**ACTION ITEM**
Return all entries verbatim; skip any pictures.
▼
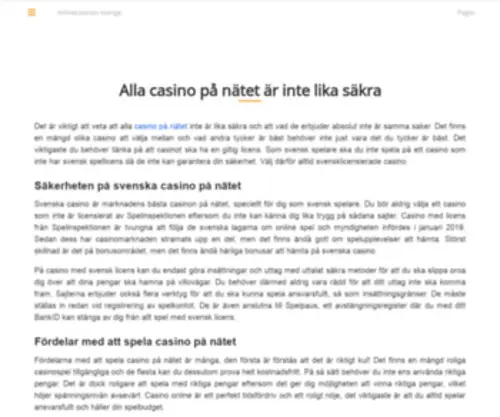 Onlinecasinon-Sverige.info Screenshot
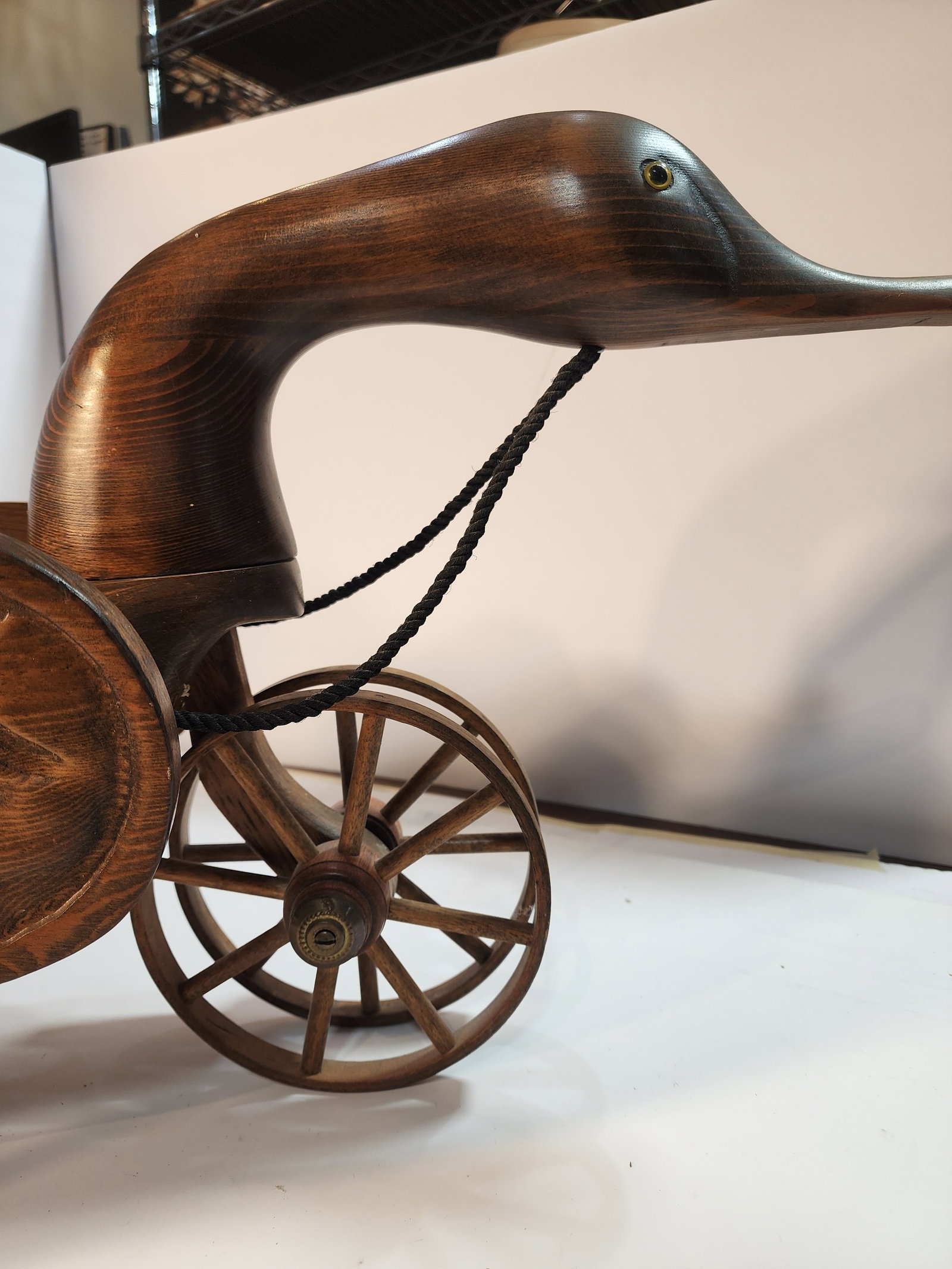 Hand Carved Wood Goose Wagon by Pruitt"s Place - 6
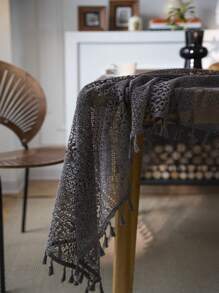 Bubaba 1 件黑色和灰色几何蕾丝餐垫，复古波西米亚风农舍风格镂空几何蕾丝尼龙餐垫，带黑色流苏，适合卧室、厨房、餐厅、厨房、餐厅、派对、节日、所有季节的家居装饰 - 黑色 - 查看 7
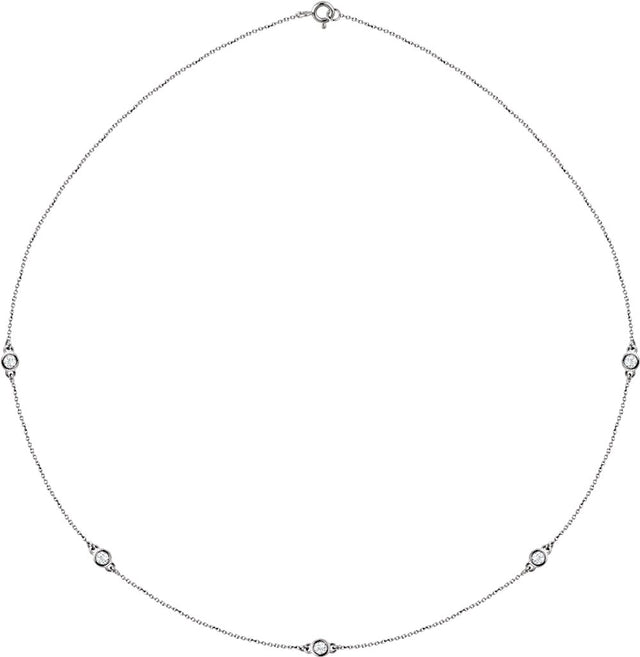 14K White Gold 1/2 CTW Lab-Grown Diamond 5-Station 18" Necklace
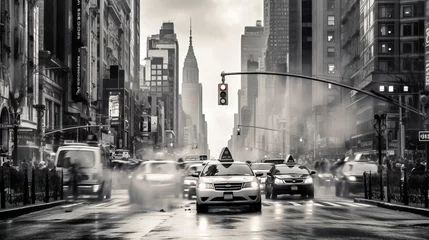 Foto auf Acrylglas Vereinigte Staaten black and white street photography of a busy New York City intersection, conception: street life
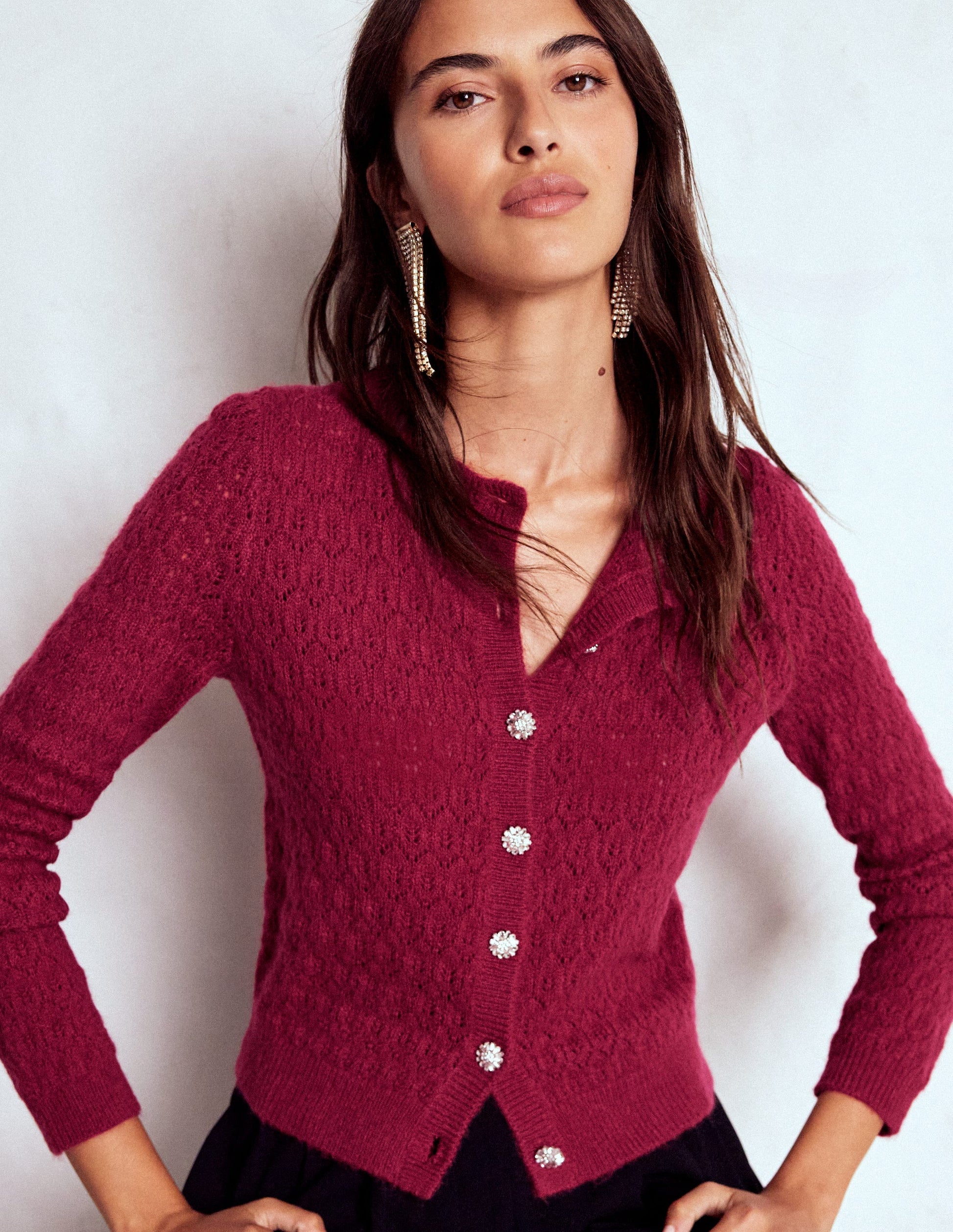 Jewel Button Cardigan-Ruby Red-5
▲
**RESPONSE AREA**
 Onlinecasinon-Sverige.info Screenshot
 Hand Carved Wood Goose Wagon by Pruitt"s Place - 6
 Bubaba 1 件黑色和灰色几何蕾丝餐垫，复古波西米亚风农舍风格镂空几何蕾丝尼龙餐垫，带黑色流苏，适合卧室、厨房、餐厅、厨房、餐厅、派对、节日、所有季节的家居装饰 - 黑色 - 查看 7
 14K White Gold 1/2 CTW Lab-Grown Diamond 5-Station 18" Necklace
 Foto auf Acrylglas Vereinigte Staaten black and white street photography of a busy New York City intersection, conception: street life
 Jewel Button Cardigan-Ruby Red-5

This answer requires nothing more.